How to complete this task:
Please set down the lines of the listing exactly, from its first line to the line with "Photo 9 at 76", leaving the pictures out.

Exercise materials:
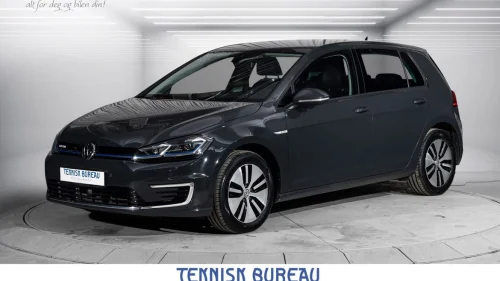 VOLKSWAGEN GOLF Comfort, Navi, R.Kamera, Oppv.Frontrute, ACC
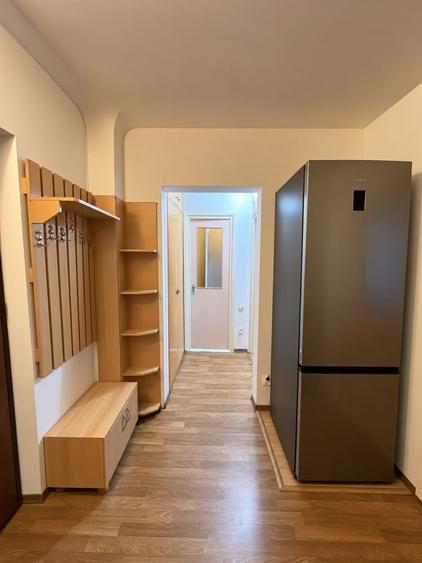 Apartament cu 2 camere decomandat în Vest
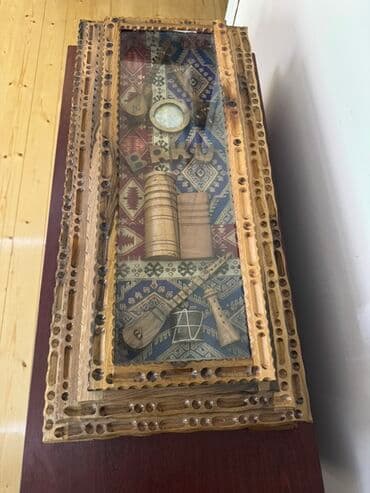 Dəbilqələr: Bu, əl işi, taxta nard dəstidir. Dəst iki hissədən ibarətdir və — 2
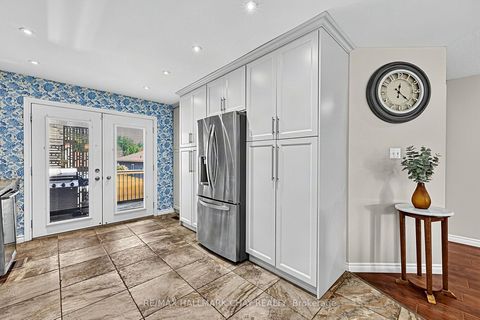 Photo 9 at 76 Shalom Way, Painswick South, Barrie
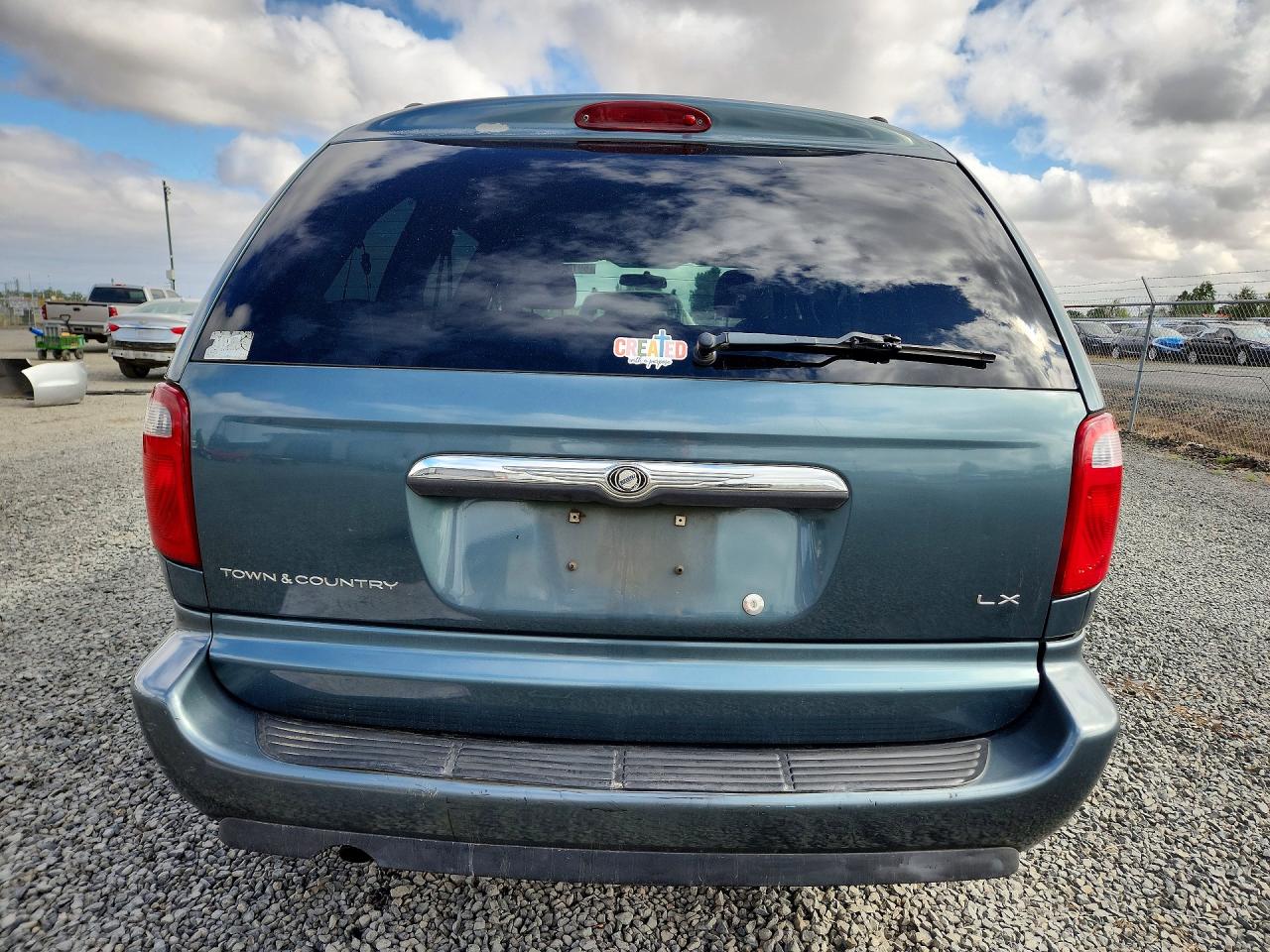 2005 Chrysler Town & Country Lx Silver vin: 2C4GP44R95R255799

Solution to this problem:
 VOLKSWAGEN GOLF Comfort, Navi, R.Kamera, Oppv.Frontrute, ACC
 Apartament cu 2 camere decomandat în Vest
 Dəbilqələr: Bu, əl işi, taxta nard dəstidir. Dəst iki hissədən ibarətdir və — 2
 Photo 9 at 76 Shalom Way, Painswick South, Barrie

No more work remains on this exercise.